寝る前の物語

童話:千夜一夜物語 10.2「開けゴマ!」

ある日、アリババは森で薪を集めていた時、ふと見上げると煙が空に立ち上り、徐々に彼の方へ近づいてくるのが見えました。しばらくじっと見つめていると、煙の下に一団の姿が見えました。驚いたアリババは、「この人たちはきっと盗賊だ。ロバと薪を盗むかもしれない」と考えました。その考えから、アリババはロバを離れ、岩の脇にある大きな木に登り、茂みに隠れて密かに人々の集団を観察しました。

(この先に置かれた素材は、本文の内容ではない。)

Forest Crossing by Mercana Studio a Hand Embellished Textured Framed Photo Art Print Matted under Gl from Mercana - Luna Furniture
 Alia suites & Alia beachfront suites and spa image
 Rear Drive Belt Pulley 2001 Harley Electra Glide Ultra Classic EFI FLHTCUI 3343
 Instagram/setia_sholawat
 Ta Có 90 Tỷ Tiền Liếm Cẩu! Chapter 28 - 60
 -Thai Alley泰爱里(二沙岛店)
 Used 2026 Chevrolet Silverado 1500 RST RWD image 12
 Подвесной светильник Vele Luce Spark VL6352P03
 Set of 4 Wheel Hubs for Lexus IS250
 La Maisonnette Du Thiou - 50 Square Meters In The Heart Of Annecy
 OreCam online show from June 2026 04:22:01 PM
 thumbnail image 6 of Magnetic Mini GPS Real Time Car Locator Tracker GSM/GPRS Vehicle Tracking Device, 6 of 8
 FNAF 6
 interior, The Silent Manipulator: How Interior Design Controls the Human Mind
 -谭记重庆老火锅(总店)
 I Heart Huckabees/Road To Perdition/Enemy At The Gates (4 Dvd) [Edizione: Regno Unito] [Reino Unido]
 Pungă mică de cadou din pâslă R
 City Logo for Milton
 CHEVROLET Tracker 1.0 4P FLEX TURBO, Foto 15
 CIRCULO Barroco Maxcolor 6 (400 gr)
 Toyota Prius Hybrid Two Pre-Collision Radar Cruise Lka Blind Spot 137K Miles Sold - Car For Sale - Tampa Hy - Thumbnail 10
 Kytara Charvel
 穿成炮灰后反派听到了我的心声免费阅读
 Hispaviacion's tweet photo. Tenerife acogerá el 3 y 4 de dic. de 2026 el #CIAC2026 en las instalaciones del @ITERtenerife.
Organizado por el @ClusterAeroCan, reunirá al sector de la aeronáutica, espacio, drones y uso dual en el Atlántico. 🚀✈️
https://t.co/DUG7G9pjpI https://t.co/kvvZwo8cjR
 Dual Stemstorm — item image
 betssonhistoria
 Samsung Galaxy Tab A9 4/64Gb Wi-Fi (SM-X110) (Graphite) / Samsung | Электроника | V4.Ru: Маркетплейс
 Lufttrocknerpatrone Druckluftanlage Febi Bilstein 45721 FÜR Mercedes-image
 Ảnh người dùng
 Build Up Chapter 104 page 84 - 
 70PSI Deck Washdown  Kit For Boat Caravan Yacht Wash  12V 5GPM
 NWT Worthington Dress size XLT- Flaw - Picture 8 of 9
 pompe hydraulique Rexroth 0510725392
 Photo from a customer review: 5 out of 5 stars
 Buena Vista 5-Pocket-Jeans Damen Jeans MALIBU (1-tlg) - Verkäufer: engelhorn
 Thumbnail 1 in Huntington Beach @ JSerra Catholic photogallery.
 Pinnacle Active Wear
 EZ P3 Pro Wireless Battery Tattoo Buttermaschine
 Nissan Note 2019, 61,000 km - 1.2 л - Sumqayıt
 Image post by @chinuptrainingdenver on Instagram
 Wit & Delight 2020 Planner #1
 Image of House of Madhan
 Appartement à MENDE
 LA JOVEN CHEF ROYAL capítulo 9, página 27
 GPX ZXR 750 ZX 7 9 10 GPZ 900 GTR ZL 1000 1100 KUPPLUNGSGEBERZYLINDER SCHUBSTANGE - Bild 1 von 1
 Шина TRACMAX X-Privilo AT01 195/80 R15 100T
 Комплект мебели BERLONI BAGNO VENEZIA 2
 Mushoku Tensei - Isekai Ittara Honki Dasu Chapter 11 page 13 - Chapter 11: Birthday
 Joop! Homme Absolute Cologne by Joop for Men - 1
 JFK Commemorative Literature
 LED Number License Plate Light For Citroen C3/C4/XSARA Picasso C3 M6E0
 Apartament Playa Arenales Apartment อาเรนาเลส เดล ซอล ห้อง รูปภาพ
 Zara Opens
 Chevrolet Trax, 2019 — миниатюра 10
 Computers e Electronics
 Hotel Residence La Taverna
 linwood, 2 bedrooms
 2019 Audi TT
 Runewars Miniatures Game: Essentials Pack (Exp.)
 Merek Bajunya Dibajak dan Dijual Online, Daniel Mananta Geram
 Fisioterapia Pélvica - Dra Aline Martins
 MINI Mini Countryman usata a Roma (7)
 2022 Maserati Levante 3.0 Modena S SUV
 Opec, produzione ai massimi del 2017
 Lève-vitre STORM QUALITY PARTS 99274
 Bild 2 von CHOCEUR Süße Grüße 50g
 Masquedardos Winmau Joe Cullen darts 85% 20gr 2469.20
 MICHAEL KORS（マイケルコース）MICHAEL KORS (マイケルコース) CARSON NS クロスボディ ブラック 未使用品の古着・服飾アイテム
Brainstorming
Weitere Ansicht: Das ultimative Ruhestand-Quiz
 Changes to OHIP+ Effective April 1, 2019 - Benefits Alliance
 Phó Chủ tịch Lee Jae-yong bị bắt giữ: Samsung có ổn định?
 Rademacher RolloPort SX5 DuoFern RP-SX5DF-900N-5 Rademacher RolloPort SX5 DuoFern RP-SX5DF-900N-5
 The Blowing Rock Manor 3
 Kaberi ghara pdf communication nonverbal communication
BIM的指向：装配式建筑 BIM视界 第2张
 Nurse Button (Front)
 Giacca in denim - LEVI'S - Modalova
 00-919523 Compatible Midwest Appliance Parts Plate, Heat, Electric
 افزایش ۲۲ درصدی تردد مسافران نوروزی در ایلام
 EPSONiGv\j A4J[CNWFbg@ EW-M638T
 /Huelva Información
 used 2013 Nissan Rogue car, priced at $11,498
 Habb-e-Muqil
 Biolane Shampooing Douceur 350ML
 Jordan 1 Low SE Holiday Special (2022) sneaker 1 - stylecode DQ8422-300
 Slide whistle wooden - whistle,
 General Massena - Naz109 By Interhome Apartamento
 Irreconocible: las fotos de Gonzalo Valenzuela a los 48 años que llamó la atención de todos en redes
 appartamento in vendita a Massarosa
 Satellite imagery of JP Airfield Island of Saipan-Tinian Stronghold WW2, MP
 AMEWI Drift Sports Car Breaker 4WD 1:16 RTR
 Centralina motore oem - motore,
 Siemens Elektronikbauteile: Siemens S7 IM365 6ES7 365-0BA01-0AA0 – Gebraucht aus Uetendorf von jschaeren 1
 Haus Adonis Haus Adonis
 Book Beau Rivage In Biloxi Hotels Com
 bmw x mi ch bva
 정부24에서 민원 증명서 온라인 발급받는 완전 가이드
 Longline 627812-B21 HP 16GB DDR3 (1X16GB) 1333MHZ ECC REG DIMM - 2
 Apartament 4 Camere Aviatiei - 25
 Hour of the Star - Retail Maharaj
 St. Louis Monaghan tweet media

アリババは注意深く数えてみると、全部で40人の屈強な男たちがそれぞれ大きな馬に乗っているのがわかった。彼らは巨大な岩へと馬で近づき、リーダーは叫んだ。

「止まれ!ここが我々が来た丘の中腹だ。」

大勢の男たちが立ち止まり、屈強な男たちが次々と馬から降りた。彼らはそれぞれ馬から重い鞍袋を取り出し、リーダーのすぐ後ろをついて丘の斜面を登り、岩の麓に到着した。

リーダーは巨大な岩に歩み寄り、叫びました。

「開けゴマ!」

彼がその言葉を口にした途端、岩の上の石の扉が開いた。屈強な男たちが次々と入り、リーダーが最後尾をついてきた。リーダーが入ると、石の扉は閉まった。

40人の屈強な男たちは長い間洞窟の中に留まっていましたが、アリババは大きな木に隠れて音を立てる勇気がありませんでした。

40人の屈強な男たちがついに姿を現した。彼らのリーダーが真っ先に洞窟から出てきた。39人の仲間全員が出てきたのを見て、リーダーは大声で叫んだ。

「セサミ、ドアを閉めて!」

彼が話し終えるとすぐに石の扉は閉まった。

それから、40人の屈強な男たちは馬に乗り、リーダーの叫びとともに山を駆け下り、瞬く間に姿を消しました。

屈強な男たちが遠くへ行ってしまった後、アリババは木から降り、茂みをかき分けて巨岩まで歩き、リーダーの声色を好奇心を持って真似して叫びました。

「開けゴマ!」

彼が話し終えるとすぐに、石の扉が音を立てて開いた。

アリババは、その扉が暗くて湿っぽい洞窟に通じていると思っていたが、中に入ると、洞窟は高く、広大で、明るく、天井は触れられないほど高かった。注意深く観察すると、上の岩に割れ目があり、そこから太陽の光が差し込み、洞窟全体を照らしているのを発見した。

アリババが洞窟に入るとすぐに、扉は自動的に閉まりました。しかし、彼は恐れていませんでした。扉を開ける秘密のコードを知っていると確信していたからです。